Being new here, I didn’t know where to post this, but if this is the wrong place, I expect to be steered in the right direction.

I would like your recommendation among the following versions of The Planets by Holst.
1 - André Previn and the Royal Philharmonic Orchestra
2 - James Levine and the Chicago Symphony Orchestra & Chorus
3 - Herbert von Karajan and the Berlin Philharmonic Orchestra
4 - William Steinberg and the Boston Symphony Orchestra (Also Sprach Zarathustra is on the CD, too)

I used to have a version of this on vinyl that I liked very much, but I can’t remember which version it was. After reading some reviews (not here), I purchased a CD by Charles Dutoit and the Montreal Symphony orchestra. I have heard several performances of this work on CD, and I must say this one is, by far, the worst. The performance is pedestrian and uninspired, and the recording is so bad, it sounds as if I am hearing it through a curtain. I haven’t said this very often, but I’m sorry I wasted my money to purchase this CD 

Therefore, I would appreciate your input on the above versions of the Planets, one of which I will purchase.

Thanks,

Duke

Update:
I’m sorry this was posted twice. I tried to post this in “Classical Music Discussion”, but was told I couldn’t post there yet. Therefore I posted it here. I guess the moderator posted the original in here, too.


----------



## Guest (Jun 23, 2015)

I don't know those ones as well, but I would highly recommend the recording by Sir Adrian Boult with the London Philharmonic Orchestra on EMI. It is paired with Elgar's Enigma Variations.
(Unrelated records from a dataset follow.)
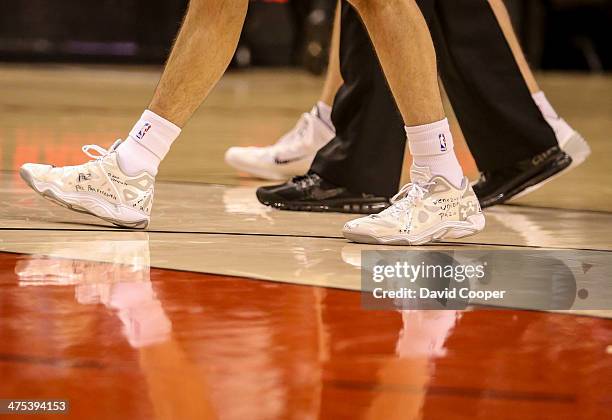 Toronto Raptors point guard Greivis Vasquez wears basketball shoes that he has written messages on during the game between the Toronto Raptors and...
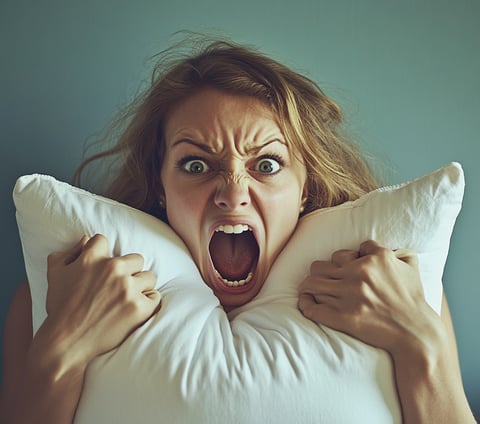 screaming woman with pillow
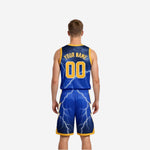 Side view of the royal blue and gold reversible basketball uniform showing armhole binding and side panel construction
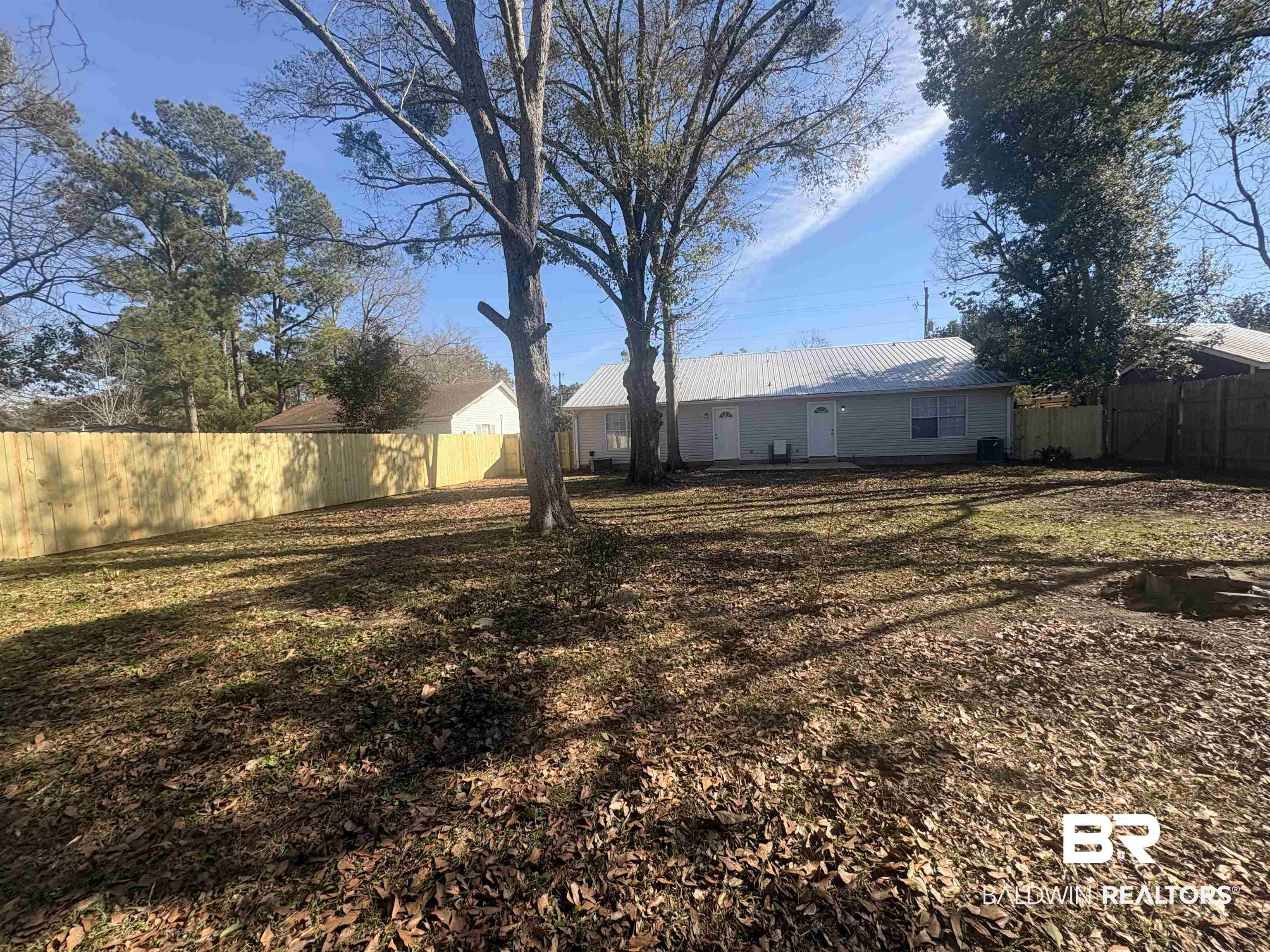 109-111 North Beech Street, Unit A & B Foley, AL 36535 - Photo 13 of 16 Back of house with a metal roof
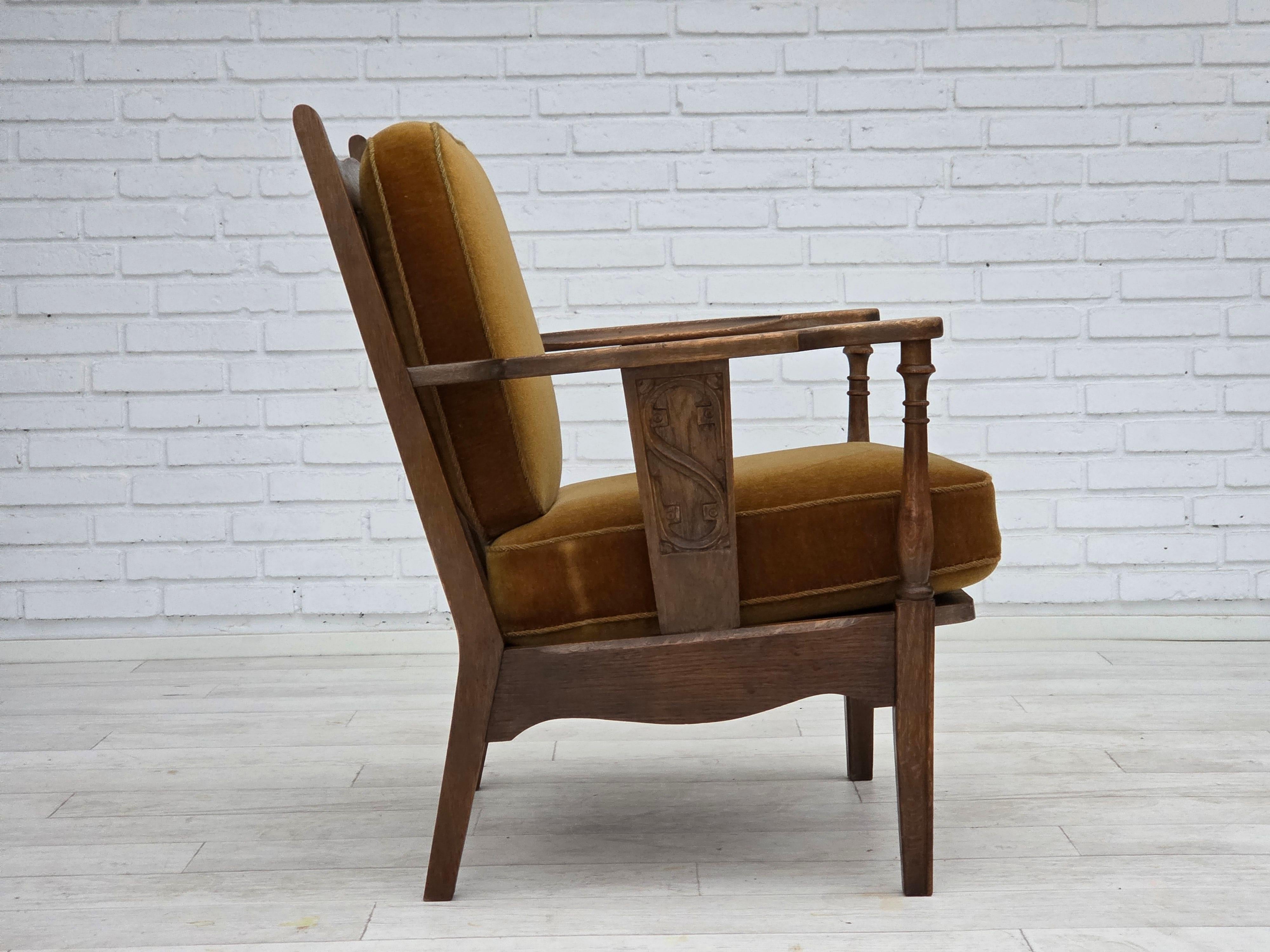 Mid-20th Century 1950s, Danish vintage armchair, original green furniture velour, oak wood. For Sale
It is a wonderful recording, and I have seen other people highly recommend it.


----------



## Celloman (Sep 30, 2006)

I will second the Boult. I can't say that I've heard of the other recordings. Karajan would probably be your best contender on the list, but I would be skeptical about that one as well.


----------



## DukeinCleve (Jun 22, 2015)

Thanks, Celloman

I haven't heard Boult's Planets, but I will try to do so. Since Dutioit, I just won't buy a version w/o hearing 1st.


----------



## DukeinCleve (Jun 22, 2015)

Thanks DrMike

Even though this isn't one of the four I mentioned, I will try to give it a listen before I make a purchase.


----------



## ptr (Jan 22, 2013)

Dr Mike gives the correct recommendation, Boult transcends any of the versions You list in the FP by miles! Dutoit is a second best choice!

/ptr


----------



## Nereffid (Feb 6, 2013)

Yep, go with Boult.


----------



## D Smith (Sep 13, 2014)

Boult, Boult, Boult.


----------



## Le Peel (May 15, 2015)

I prefer the Levine/CSO over the Boult/LPO.


----------



## DavidA (Dec 14, 2012)

I have both Karajan performances with the VPO and BPO. Both are tremendous but the BPO is bleaker in outlook. I've also had Sternberg, another exciting performance. If you want something traditionally British go for Boult.


----------



## DukeinCleve (Jun 22, 2015)

I appreciate the input. As far as wanting something traditionally British, I'm a Yankee, and I'm sorry but I don't know what you mean by traditionally British. What I do like is a work that is uplifting, inspiring or moving. Also a good recording of that work is important.


----------



## joen_cph (Jan 17, 2010)

Also, Steinberg isn´t particularly exciting, IMO.


----------



## ComposerOfAvantGarde (Dec 2, 2011)

Gardiner has an excellent recording coupled with _The Warriors._


----------



## elgar's ghost (Aug 8, 2010)

ComposerOfAvantGarde said:


> Gardiner has an excellent recording coupled with _The Warriors._


Indeed - and the fade-out choral ending of Neptune is possibly the most beautiful performance I've heard. And although The Warriors isn't the issue with the OP it makes for an excellent and imaginative coupling.


----------



## realdealblues (Mar 3, 2010)

My favorites are:

Steinberg/Boston
Boult/London
Karajan/Vienna (Not the Berlin remake)
Dutoit/Montreal
Bernstein/New York

You would be well served with any of the above in my opinion. Each has their own unique takes. Over the years Karajan's Vienna recording on Decca has become my go to. It has some of the finest playing, sound and vision around. A lot of people overlook Bernstein's recording but for sheer energy and raw excitement it's one of the best to me.


----------



## Heliogabo (Dec 29, 2014)

Previn with Royal Philarmonic Orchestra and Karajan with VPO are my favorites, both are truly inspired and strong performances.


----------



## Declined (Apr 8, 2014)

That's such a commonly performed and simple work that I'm sure anything you grab will be good. Mine is the Los Angeles Philharmonic with Zubin Mehta.


----------



## Guest (Jul 7, 2015)

forget all those and get Dutoit with Montreal


----------



## SONNET CLV (May 31, 2014)

*Need help: Please recommend a version of The Planets *

I have it on good authority that the eight (and a half) planets that revolve around the star we call the Sun or Sol are pretty good, with special preference going to that third one from the Sun, especially if you plan to do any out of doors activities ... or stay for a while.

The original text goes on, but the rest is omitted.